Input data:
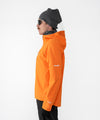 on-model image of strafe outerwear fall/winter 22/23 collection cham pullover in tangerine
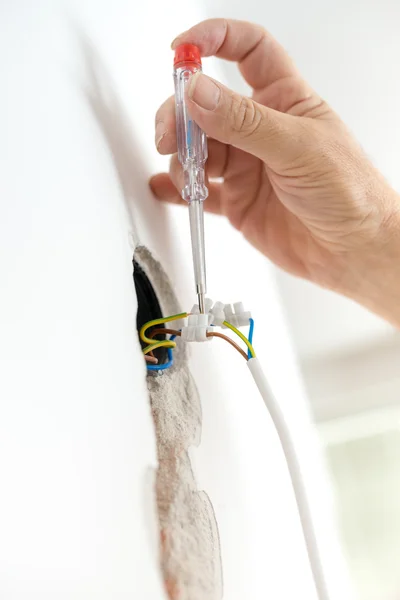 Electrician checking electric voltage — Stock Photo, Image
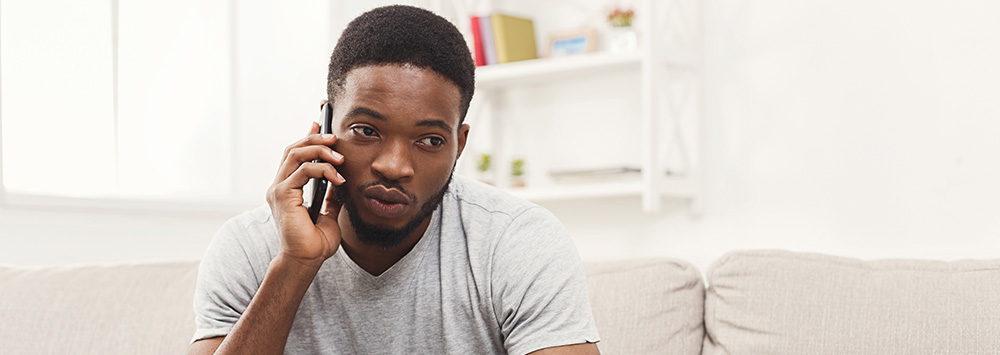 Young man on mobile phone sitting on couch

Problem to solve:
Output all the material verbatim, skipping every image.

Task response:
 on-model image of strafe outerwear fall/winter 22/23 collection cham pullover in tangerine
 Electrician checking electric voltage — Stock Photo, Image
 Young man on mobile phone sitting on couch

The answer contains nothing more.